Lean budget proposal unveiled in Carroll

The Baltimore Sun

Noting "slim margins" and "little flexibility" in an uncertain economy, the Carroll County commissioners unveiled yesterday a lean budget plan for the coming fiscal year intended to address cuts in state and federal funding, as well as rising fuel and utility costs.

The proposed operating budget for 2009 totals $353 million, a 1.6 percent increase in spending compared with the budget for the current year. Almost half -- $171.7 million -- would go to the public school system.

"This is the tightest budget plan we've adopted" in recent years, said Ted Zaleski, director of management and budget. "The changes are relatively small. The commissioners' mindset is that we're not doing a lot of new stuff this year."

The county is trying to maintain services it provides, he said. The plan calls for taxes to remain unchanged, in a county with about 180,000 residents.

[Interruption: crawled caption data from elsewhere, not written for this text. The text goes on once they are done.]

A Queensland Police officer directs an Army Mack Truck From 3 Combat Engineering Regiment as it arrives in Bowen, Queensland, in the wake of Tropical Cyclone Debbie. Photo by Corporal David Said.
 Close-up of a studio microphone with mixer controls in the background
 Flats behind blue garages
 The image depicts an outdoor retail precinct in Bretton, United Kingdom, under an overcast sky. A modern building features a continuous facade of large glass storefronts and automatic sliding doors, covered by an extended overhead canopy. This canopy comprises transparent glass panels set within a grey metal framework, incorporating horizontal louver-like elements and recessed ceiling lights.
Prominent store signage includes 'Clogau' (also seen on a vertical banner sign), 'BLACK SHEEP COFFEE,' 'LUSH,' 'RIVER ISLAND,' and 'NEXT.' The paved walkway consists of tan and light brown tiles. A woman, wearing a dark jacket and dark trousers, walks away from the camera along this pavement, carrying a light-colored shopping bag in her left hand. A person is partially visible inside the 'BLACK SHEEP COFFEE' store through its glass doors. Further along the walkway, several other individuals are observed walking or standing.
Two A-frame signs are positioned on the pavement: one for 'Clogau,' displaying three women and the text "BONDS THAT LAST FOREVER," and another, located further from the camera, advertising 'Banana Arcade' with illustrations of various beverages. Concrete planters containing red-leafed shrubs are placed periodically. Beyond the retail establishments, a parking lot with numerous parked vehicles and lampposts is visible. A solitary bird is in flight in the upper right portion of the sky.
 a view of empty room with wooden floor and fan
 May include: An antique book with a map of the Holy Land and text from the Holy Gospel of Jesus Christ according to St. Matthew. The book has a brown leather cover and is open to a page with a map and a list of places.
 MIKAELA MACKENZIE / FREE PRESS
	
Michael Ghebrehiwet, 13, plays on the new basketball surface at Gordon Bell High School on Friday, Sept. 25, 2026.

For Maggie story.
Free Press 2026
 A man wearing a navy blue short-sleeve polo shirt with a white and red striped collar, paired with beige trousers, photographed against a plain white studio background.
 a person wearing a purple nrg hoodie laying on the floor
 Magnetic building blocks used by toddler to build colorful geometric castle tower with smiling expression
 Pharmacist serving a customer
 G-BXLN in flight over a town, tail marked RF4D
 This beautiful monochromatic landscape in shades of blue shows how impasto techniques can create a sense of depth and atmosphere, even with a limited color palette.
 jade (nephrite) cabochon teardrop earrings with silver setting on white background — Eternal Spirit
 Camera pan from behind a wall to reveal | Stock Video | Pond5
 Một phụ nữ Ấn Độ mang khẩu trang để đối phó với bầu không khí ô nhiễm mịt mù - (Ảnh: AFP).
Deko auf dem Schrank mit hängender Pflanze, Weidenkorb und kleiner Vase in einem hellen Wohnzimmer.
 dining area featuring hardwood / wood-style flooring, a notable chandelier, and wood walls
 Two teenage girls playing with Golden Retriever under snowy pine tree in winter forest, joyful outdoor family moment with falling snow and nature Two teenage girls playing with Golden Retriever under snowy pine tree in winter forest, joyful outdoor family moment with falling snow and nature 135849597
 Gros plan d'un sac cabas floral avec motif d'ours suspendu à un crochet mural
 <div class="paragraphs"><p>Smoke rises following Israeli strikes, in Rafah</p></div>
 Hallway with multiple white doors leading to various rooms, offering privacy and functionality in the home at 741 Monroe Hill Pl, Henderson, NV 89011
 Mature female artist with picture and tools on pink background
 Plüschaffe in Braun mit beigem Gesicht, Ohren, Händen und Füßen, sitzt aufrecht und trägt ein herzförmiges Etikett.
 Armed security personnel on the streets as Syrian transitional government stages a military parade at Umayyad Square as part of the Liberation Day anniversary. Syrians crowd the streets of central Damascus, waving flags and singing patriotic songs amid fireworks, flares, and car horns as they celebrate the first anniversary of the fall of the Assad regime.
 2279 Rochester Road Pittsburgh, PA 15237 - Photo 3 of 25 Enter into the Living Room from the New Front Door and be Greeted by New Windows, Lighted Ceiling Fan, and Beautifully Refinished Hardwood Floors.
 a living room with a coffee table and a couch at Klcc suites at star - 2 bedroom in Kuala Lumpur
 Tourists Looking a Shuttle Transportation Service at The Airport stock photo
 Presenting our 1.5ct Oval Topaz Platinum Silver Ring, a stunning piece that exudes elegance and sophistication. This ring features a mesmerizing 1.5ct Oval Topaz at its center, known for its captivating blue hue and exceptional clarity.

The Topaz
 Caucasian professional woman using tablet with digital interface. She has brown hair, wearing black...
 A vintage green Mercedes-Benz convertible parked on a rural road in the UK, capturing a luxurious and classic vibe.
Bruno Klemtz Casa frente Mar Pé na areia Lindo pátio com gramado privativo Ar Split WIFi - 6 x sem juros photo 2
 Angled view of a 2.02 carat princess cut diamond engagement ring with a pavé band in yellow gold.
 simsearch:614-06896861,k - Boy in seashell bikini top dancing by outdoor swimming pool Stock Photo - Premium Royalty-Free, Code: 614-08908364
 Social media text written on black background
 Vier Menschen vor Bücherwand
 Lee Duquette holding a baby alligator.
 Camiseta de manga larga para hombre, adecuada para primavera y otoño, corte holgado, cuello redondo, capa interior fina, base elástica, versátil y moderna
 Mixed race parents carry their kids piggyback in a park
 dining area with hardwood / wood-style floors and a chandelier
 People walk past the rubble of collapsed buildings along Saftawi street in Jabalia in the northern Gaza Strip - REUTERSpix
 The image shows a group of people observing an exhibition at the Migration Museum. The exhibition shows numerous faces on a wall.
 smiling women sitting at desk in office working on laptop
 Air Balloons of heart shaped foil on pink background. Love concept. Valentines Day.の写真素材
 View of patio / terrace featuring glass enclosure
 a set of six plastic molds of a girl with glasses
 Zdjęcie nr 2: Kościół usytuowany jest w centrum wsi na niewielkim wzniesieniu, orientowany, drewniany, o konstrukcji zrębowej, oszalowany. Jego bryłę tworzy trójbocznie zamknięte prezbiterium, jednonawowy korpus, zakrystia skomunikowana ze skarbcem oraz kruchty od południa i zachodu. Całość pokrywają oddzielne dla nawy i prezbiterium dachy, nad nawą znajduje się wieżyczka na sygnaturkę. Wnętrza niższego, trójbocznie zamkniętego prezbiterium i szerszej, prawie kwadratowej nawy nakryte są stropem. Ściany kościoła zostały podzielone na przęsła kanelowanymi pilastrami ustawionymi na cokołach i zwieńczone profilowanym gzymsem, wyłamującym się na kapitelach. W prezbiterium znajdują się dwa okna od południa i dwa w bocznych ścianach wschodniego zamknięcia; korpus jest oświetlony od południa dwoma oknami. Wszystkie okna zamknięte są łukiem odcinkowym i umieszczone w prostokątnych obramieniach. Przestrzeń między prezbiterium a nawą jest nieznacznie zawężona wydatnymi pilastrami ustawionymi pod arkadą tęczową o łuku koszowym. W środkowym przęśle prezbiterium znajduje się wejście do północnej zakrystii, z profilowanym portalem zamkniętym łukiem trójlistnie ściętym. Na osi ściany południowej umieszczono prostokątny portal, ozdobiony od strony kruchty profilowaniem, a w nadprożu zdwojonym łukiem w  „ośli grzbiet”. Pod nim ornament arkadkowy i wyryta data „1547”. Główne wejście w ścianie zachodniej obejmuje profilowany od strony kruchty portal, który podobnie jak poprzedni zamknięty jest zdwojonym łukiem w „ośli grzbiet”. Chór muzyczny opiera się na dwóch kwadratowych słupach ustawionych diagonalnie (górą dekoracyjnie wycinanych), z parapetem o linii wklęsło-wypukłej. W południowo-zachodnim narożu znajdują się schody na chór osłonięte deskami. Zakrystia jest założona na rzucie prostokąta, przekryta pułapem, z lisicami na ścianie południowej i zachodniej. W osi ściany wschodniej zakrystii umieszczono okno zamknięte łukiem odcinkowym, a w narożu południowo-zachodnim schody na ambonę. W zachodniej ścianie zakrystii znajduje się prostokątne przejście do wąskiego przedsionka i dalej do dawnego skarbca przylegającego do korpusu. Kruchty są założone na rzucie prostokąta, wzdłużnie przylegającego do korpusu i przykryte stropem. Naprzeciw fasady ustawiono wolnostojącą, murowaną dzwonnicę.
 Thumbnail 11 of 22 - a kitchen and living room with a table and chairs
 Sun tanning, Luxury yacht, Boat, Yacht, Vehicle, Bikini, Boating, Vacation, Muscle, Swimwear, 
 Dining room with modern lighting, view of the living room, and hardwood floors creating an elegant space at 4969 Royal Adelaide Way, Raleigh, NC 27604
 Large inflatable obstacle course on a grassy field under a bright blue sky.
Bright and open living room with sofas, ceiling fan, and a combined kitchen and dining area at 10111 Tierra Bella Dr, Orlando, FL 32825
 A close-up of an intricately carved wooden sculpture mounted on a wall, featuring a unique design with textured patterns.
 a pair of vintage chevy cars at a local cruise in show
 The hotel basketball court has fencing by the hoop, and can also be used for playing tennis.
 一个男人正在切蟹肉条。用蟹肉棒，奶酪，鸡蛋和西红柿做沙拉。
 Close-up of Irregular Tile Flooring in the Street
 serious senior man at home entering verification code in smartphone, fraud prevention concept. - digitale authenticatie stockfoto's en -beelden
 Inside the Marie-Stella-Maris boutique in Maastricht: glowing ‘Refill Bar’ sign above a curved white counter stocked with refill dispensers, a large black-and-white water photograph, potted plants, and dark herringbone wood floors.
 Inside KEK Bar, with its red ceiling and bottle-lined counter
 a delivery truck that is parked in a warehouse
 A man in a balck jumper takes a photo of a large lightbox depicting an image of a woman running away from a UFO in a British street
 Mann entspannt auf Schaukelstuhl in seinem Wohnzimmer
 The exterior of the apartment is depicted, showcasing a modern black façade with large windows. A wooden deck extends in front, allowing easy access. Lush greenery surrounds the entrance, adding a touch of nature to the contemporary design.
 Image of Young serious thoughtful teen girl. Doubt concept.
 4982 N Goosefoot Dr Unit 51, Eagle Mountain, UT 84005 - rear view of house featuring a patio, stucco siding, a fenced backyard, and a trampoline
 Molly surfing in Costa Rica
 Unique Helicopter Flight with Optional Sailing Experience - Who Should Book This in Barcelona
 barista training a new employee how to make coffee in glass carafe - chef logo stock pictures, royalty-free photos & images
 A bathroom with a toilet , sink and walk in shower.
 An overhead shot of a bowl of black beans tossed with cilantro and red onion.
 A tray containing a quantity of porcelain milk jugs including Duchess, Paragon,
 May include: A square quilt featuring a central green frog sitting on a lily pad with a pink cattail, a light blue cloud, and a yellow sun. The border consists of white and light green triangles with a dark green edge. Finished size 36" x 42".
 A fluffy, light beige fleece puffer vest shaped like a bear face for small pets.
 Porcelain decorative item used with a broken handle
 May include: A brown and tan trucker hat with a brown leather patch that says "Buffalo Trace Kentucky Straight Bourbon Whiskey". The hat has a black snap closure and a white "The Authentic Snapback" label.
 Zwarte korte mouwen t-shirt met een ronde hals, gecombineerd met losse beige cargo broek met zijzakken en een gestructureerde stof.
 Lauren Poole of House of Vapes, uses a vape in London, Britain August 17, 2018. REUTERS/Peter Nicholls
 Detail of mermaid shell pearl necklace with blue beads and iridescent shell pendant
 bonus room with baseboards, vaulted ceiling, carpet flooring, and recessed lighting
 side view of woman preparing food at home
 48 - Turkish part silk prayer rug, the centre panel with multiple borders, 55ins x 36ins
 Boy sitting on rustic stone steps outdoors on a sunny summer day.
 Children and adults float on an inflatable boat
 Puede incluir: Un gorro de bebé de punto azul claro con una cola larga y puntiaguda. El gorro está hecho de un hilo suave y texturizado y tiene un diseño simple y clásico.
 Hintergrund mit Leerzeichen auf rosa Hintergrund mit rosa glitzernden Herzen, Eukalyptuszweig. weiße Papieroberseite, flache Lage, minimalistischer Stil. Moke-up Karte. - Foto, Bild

Among the few initiatives that would receive funding are operating and staffing money for two new schools; a new classroom building at Carroll Community College; nine new positions for public safety agencies; a runway extension at the Carroll County Regional Airport, mostly funded by the Federal Aviation Administration; a new Finksburg library and improvements to other branches; improvements and maintenance for roads and bridges; agricultural preservation; and economic development for two new business parks.

Some agencies and organizations would receive increased funding compared with this year, such as the Carroll County Volunteer Emergency Services Association and the county's fleet management, largely for increased fuel and utility costs.

This year's budget allowed for $2.45 per gallon for gas, while the proposal for 2009 calls for $4, he said.

Also yesterday, Zaleski previewed the county capital budget. The plan, which projects out six years, has an even gloomier outlook, with many projects being put on hold. The plan totals $144.6 million, down from the this year's $208 million.

Areas taking a hit in the capital budget are public school building and improvements such as a new roof for Mount Airy Elementary School, which has been pushed back a year; Program Open Space recreational projects; and a new parking garage for the government complex, which has been cut.

The commissioners will hold three community meetings on the proposed budget, all at 7 p.m.: May 1 at the County Office Building, May 5 at Hampstead Elementary School and May 7 at Sykesville Middle. A final public hearing will be held at 7:30 p.m. May 13 in the Scott Center at Carroll Community College. The commissioners are scheduled for a final vote on the 2009 budget May 27.